Vector Databases: Understanding the Algorithm (part 3)

15 min readAug 3, 2023

Introduction

In the part one and part two of this series, we embarked on a journey through the fascinating world of vector databases and embeddings. We started by exploring the concept of vector databases, a revolutionary technology that transforms data into vectors in a multi-dimensional space, enabling a nuanced understanding of data and the ability to compare almost anything. We then delved deeper into the art of embeddings, a fundamental concept in deep learning that allows us to capture rich context in ones and zeros and transform raw data into a machine-readable and indexable format. These two components, vector databases and embeddings, are the building blocks of a powerful AI tool that can process and understand data in ways that were once the exclusive domain of humans. The final piece of the puzzle to understand how vector databases work is the way vector embeddings are stored and retrieved from the database.

As we move into the third part of this series, we turn our attention to the algorithms that compose our comparable embeddings into a database. The choice of algorithm used in a vector database is a critical factor that can significantly impact its performance. Different algorithms have different strengths and weaknesses, and the choice of algorithm can have a profound effect on: the latency, throughput, build time, accuracy, and re-indexing capabilities of a vector database. Understanding these algorithms is not just a matter of academic interest; it’s a practical necessity for anyone looking to get the best performance out of their vector database. Different products use different algorithms, and the performance of these products can vary widely depending on the size and shape of your data. In the following sections, we will delve into these algorithms, explore their performance trade-offs, and provide you with the knowledge you need to make an informed choice when evaluating vector database and vector index solutions.

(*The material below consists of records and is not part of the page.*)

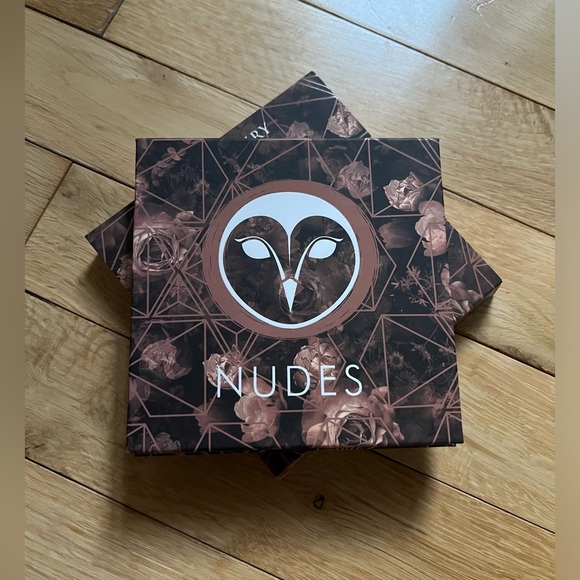 HANK & HENRY | NUDES EYESHADOW PALETTE - Picture 4 of 6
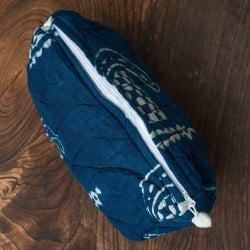 インディゴブルーの伝統泥染め メイクポーチ にわとり - サブ3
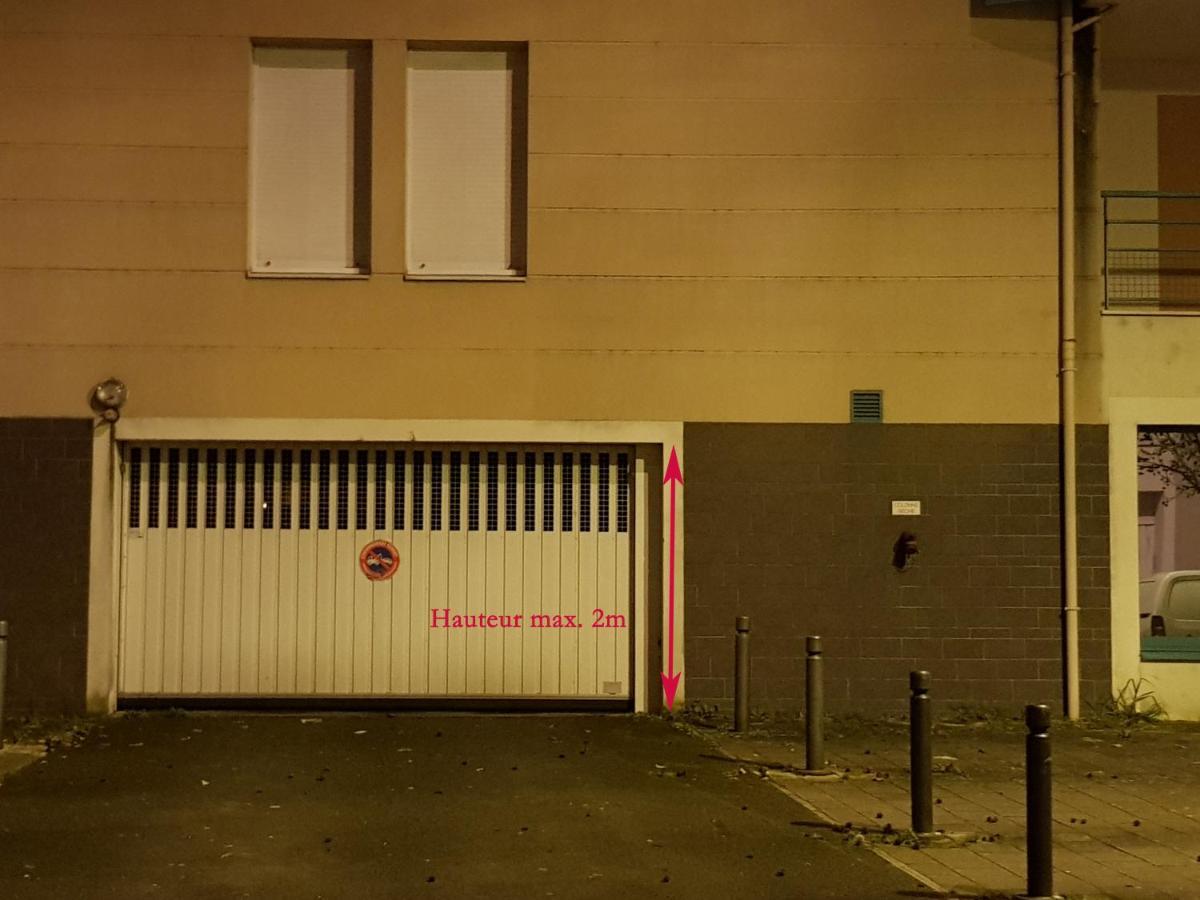 Le Pompidou T2 Pour 2 A 4 Pers Avec Parking Prive & Balcon Place Ney Ανζέρ Εξωτερικό φωτογραφία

Introducing the families of Algorithms

Now that we know the importance of choosing the right algorithm for our vector database, let’s introduce the types of algorithms we have at our disposal. Each family of algorithms: tree-based, quantization, hashing, clustering, and graph methods — comes with its own set of performance trade-offs. These trade-offs can significantly impact the latency, throughput, build time, accuracy, and re-indexing capabilities of a vector database. Note: Some argue that there are only three distinct categories; trees, hashes, and graphs. I purposefully added clustering and quantization methods as well since I think they are unique enough to merit their own explanation, but know that some folks would categorize quantization as a hashing algorithm and clustering as a graphing algorithm which is also true.

Tree-based methods are efficient for low-dimensional data and offer exact nearest neighbor search. However, their performance generally degrades in high-dimensional spaces due to the “curse of dimensionality”. They also require substantial memory and are less efficient for large datasets, leading to longer build times and higher latency.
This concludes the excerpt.